The coach’s words would inspire him enough to register at Maryland State College, a then all-black college. The thing of it was, Fred Engh was white. He would become the first white student to attend Maryland State, a segregated college.
His intention was not to break any racial barriers or make any headlines. He simply wanted a better life for himself and his family as an accredited teacher.
What he learned from attending that college however was something he had not expected. Matchsticks: An Education in Black & White is his story.
Verdict: In what is a totally engrossing read, from cover to cover (and even for those sports-minded folk that didn’t know about this, or perhaps those others that don’t even like sport of any kind), we learn from the off a lot about Fred Engh, that helps us sit alongside him growing up and take the path he himself chose for not only a better life for himself, but an easier, more accomplished one for others too.
Fred was raised on the Eastern Shore of Maryland when racial discrimination was part of everyday living. African-Americans were not permitted in social areas with white folk, but in the 1960s, things changed. African-Americans no longer accepted “Jim Crow” laws and thus riots began to form.
Amidst these tense times, Fred decided to attend an all-Black college and as much as it wasn’t to prove anything, per say, it was the only opportunity he had to receive a degree in his chosen field of Physical Education.
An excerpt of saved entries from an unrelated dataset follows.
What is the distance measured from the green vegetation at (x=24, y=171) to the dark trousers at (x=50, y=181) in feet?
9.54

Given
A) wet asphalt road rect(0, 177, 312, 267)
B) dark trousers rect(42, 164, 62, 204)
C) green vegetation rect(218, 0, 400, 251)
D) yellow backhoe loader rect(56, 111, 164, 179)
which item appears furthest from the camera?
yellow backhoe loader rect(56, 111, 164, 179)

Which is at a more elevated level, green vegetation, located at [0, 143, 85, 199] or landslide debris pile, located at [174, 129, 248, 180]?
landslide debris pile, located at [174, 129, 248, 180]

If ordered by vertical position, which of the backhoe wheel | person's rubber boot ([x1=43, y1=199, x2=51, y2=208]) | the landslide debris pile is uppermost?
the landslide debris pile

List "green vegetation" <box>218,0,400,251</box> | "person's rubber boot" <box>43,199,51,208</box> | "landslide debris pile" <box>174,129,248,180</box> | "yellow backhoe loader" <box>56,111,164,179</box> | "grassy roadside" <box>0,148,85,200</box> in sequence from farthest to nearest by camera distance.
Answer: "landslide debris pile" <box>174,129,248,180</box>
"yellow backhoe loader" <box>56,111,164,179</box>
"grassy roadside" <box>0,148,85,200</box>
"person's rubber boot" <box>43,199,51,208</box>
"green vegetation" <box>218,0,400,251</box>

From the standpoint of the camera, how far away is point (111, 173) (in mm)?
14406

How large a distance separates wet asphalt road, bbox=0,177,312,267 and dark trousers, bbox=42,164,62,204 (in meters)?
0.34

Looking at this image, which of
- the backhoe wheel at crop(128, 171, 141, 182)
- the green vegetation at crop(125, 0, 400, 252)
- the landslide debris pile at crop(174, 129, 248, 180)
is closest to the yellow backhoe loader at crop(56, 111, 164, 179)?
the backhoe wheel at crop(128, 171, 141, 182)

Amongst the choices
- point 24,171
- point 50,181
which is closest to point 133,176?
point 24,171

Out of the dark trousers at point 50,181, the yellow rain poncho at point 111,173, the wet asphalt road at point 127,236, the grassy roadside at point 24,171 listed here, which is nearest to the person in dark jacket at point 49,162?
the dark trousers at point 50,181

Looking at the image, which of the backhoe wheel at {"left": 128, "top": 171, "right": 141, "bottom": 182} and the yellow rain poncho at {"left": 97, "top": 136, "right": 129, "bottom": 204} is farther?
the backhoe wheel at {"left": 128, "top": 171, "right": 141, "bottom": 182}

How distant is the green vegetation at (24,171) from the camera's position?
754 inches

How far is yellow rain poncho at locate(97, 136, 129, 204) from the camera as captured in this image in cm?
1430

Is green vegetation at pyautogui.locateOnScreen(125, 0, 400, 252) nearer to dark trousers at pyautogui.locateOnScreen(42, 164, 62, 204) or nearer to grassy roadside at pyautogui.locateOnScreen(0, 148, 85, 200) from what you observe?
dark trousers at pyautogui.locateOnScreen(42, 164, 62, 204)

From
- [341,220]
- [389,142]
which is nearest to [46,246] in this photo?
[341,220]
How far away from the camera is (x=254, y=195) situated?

Born with a learning disability when he was young, Fred had never even read a book until his late twenties, but sure enough, once he got the knack, not only did books ignite his desire for more stored information, but as time rolled on, the unlikely story of two people of different races becoming friends at a time when society frowned on such friendships was up ahead.
One of the most interesting stories from the book - of which, believe me, there are many - was when his friend, Bob Taylor, an African-American standout football player on the college team, asked him if he played golf.
Fred told him he did. Bob commented that he also loved golf and thus they became partners on the college golf team and traveled throughout the mid-Atlantic for their golf matches with other colleges.
Fred adds to the story, albeit you sense with an air of passing superficiality now, the mental picture that being the only white person in a car with other African-American players on the team caused fear on many occasions.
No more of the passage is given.